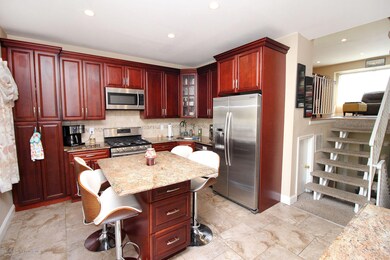 9 Ludwig Ln unit 11, Staten Island, NY 10303 - photo 6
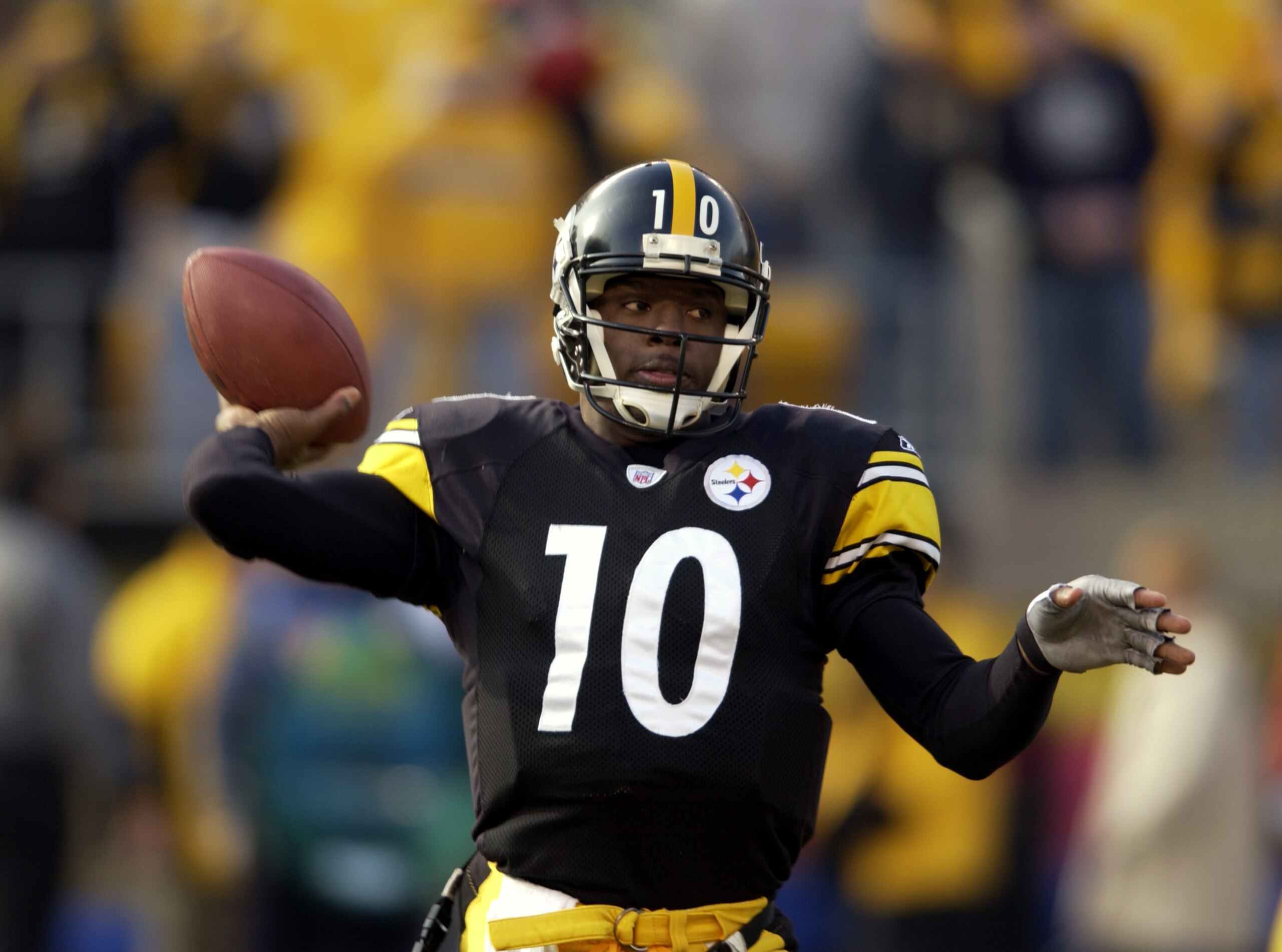 PITTSBURGH - DECEMBER 15:  Quarterback Kordell Stewart #10 of the Pittsburgh Steelers passes the ball against the Carolina Panthers during the game at Heinz Field on December 15, 2002 in Pittsburgh, Pennsylvania. The Steelers defeated the Panthers 30-14.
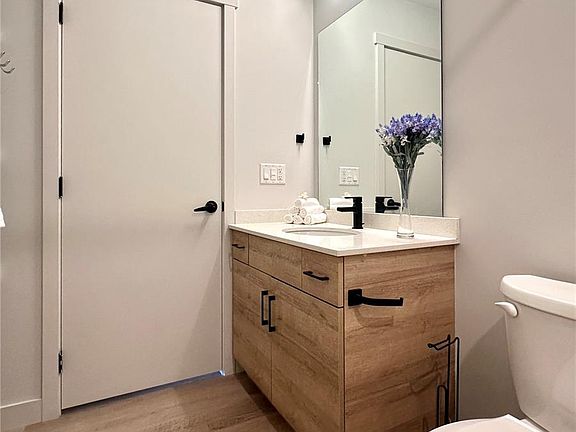 5th image of 2465 Gateway Rd #210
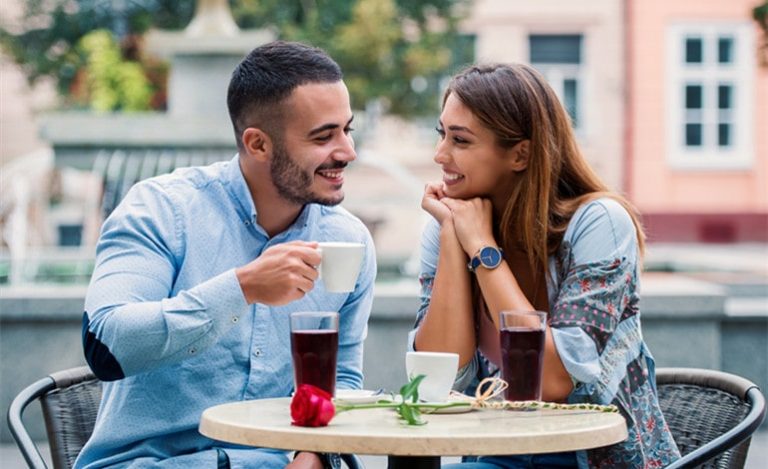Main Ways To Stay Safe While Casually Dating Multiple People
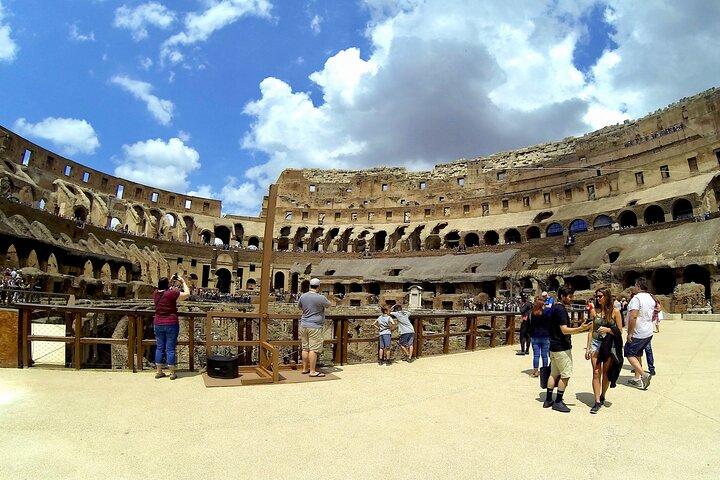 Private Tour durch die Colosseum Arena mit Eingang zum Forum Romanum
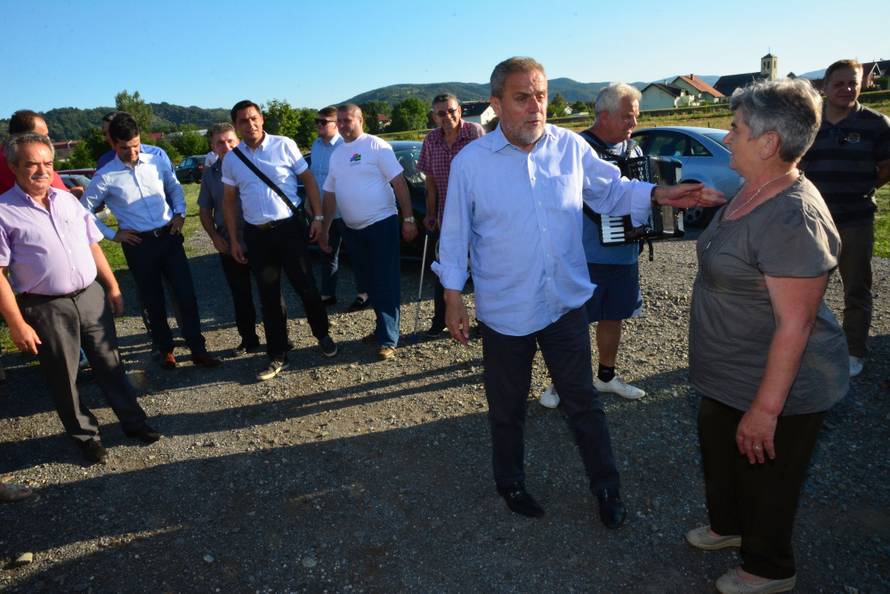 Bandić obećao sve: 9000 kuna za dijete, besplatan prijevoz...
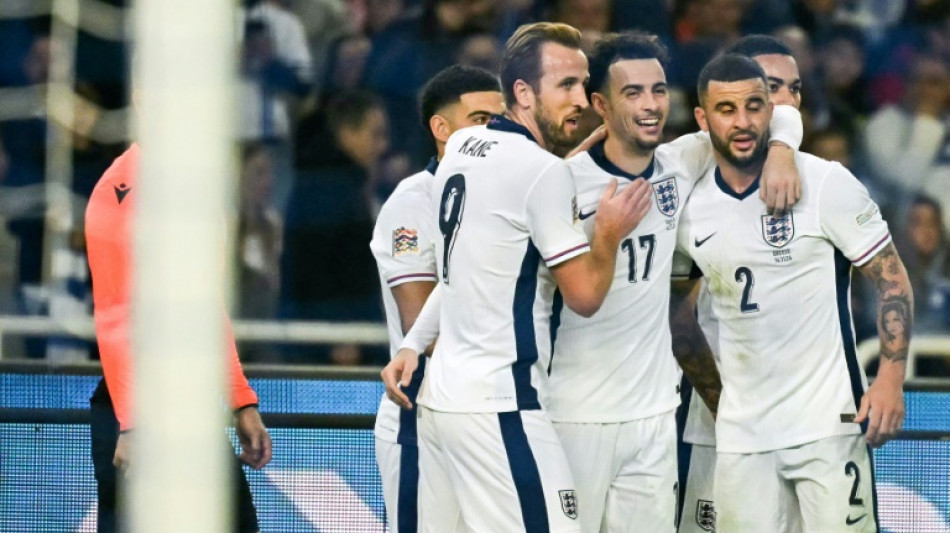Inglaterra vence Gr&eacute;cia (3-0) e fica perto do acesso na Liga das Na&ccedil;&otilde;es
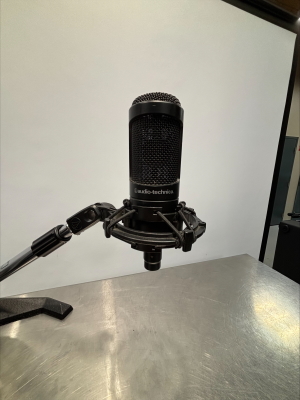 Audio-Technica AT2035 Cardioid Condenser Mic 2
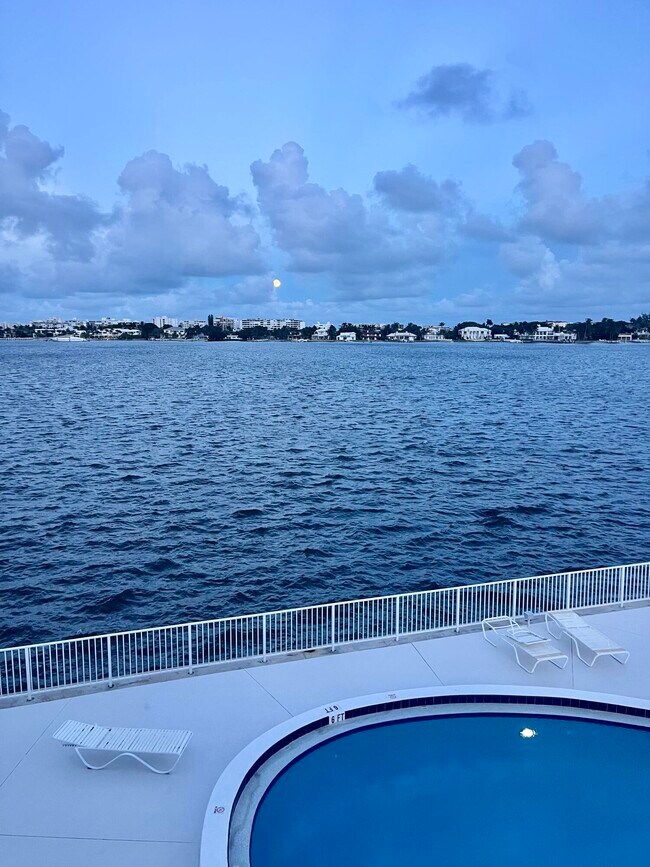 Building Photo - 301 Croton Ave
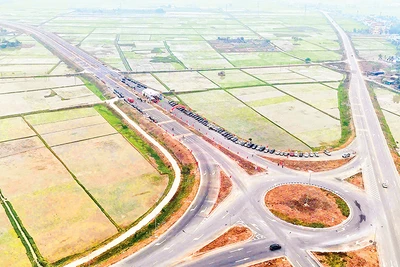 Ðiểm giao đường Vạn Thiện-Bến En với mạng lưới giao thông nội tỉnh Thanh Hóa và đường cao tốc bắc-nam. 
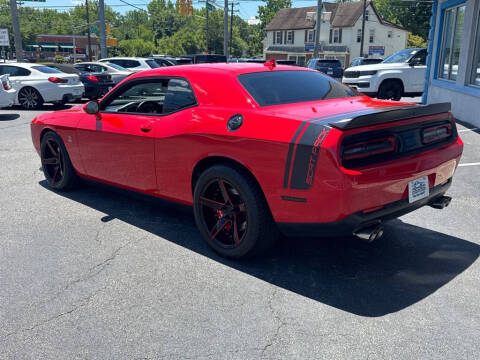 2016 Dodge Challenger R/T Scat Pack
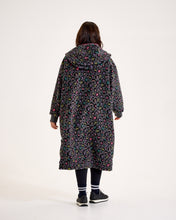 Load image into Gallery viewer, Snuggz Women Original Reversible Leopard Print Changing Robe
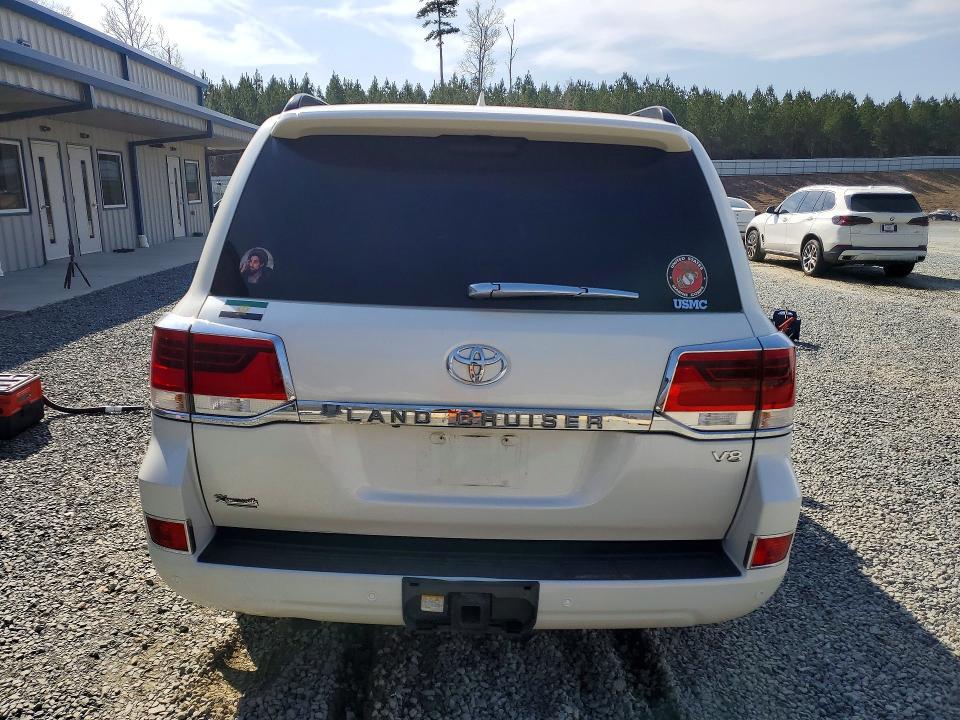 2016 Toyota Land Cruiser Base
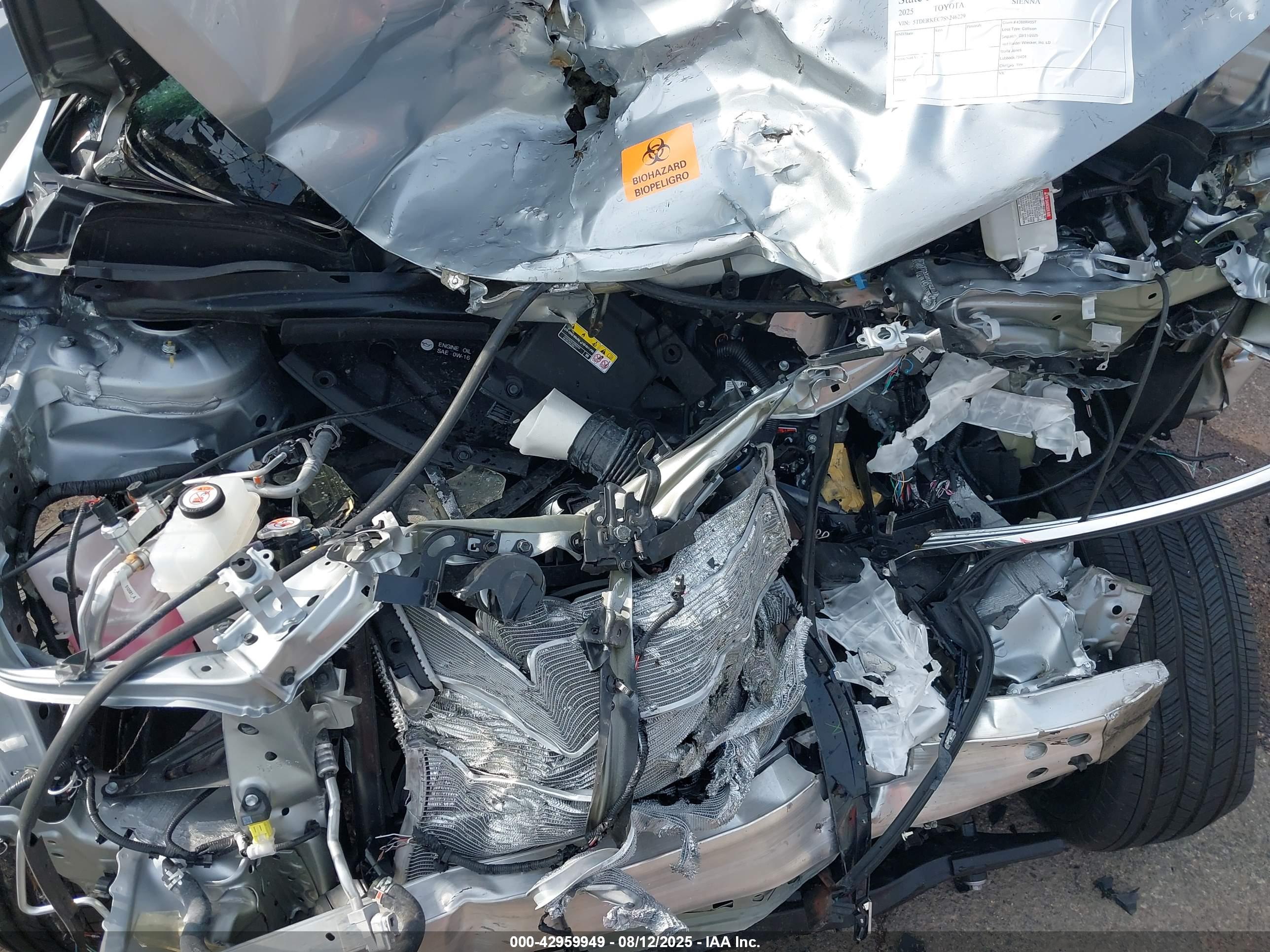 TOYOTA SIENNA image 10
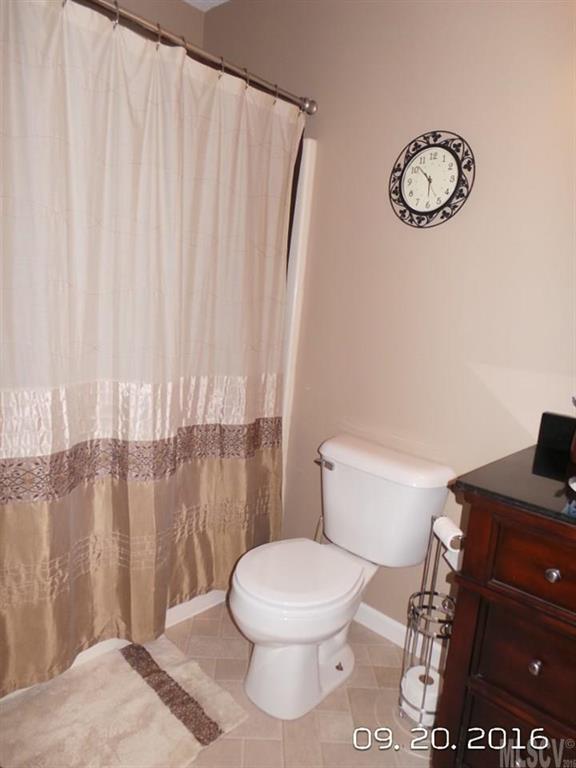 1984 Yoder Farm Road Hickory, NC 28602 - Photo 6 of 25 Gallery Image 6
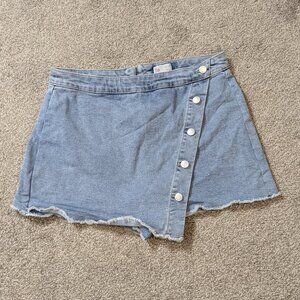 SO Blue Stretch Denim, Short, Button Cut-Off Skort; Back Zipper; Size 13 / 31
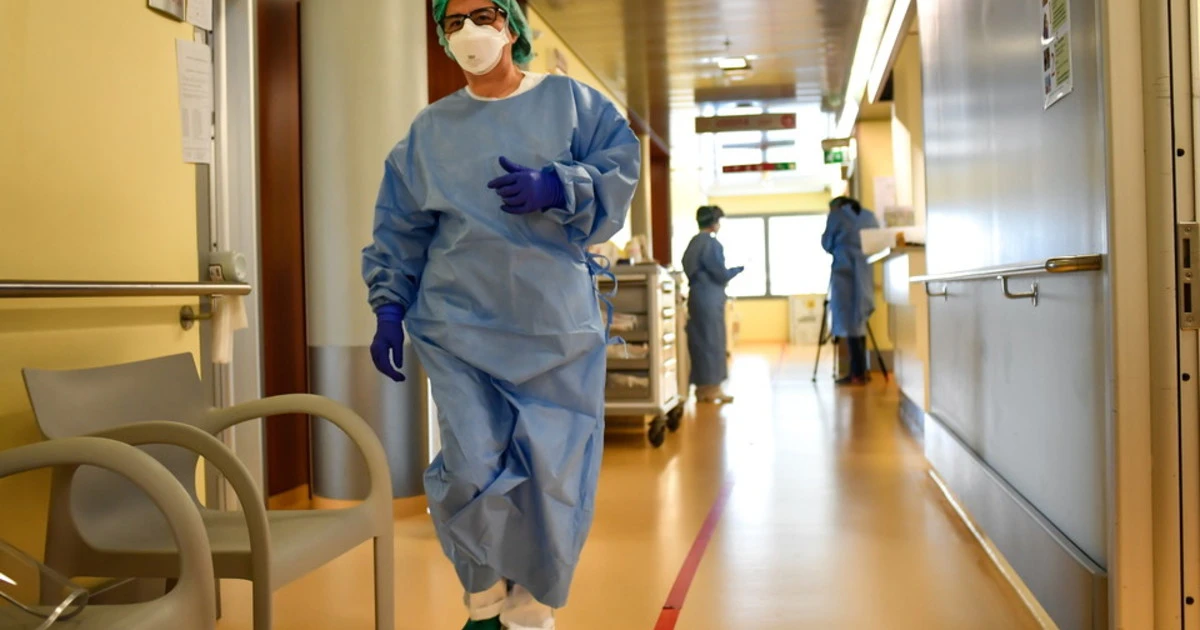 La fuga all'estero dei medici che mette in crisi la sanità italiana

☆ ☆ ☆ ☆ ☆ ☆ ☆

**What you have to do:** Write out the data again word for word, minus any images.

**Solution for this task:**
 9 Ludwig Ln unit 11, Staten Island, NY 10303 - photo 6
 PITTSBURGH - DECEMBER 15:  Quarterback Kordell Stewart #10 of the Pittsburgh Steelers passes the ball against the Carolina Panthers during the game at Heinz Field on December 15, 2002 in Pittsburgh, Pennsylvania. The Steelers defeated the Panthers 30-14.
 5th image of 2465 Gateway Rd #210
Main Ways To Stay Safe While Casually Dating Multiple People
 Private Tour durch die Colosseum Arena mit Eingang zum Forum Romanum
 Bandić obećao sve: 9000 kuna za dijete, besplatan prijevoz...
Inglaterra vence Gr&eacute;cia (3-0) e fica perto do acesso na Liga das Na&ccedil;&otilde;es
 Audio-Technica AT2035 Cardioid Condenser Mic 2
 Building Photo - 301 Croton Ave
 Ðiểm giao đường Vạn Thiện-Bến En với mạng lưới giao thông nội tỉnh Thanh Hóa và đường cao tốc bắc-nam. 
 2016 Dodge Challenger R/T Scat Pack
 Load image into Gallery viewer, Snuggz Women Original Reversible Leopard Print Changing Robe
 2016 Toyota Land Cruiser Base
 TOYOTA SIENNA image 10
 1984 Yoder Farm Road Hickory, NC 28602 - Photo 6 of 25 Gallery Image 6
 SO Blue Stretch Denim, Short, Button Cut-Off Skort; Back Zipper; Size 13 / 31
 La fuga all'estero dei medici che mette in crisi la sanità italiana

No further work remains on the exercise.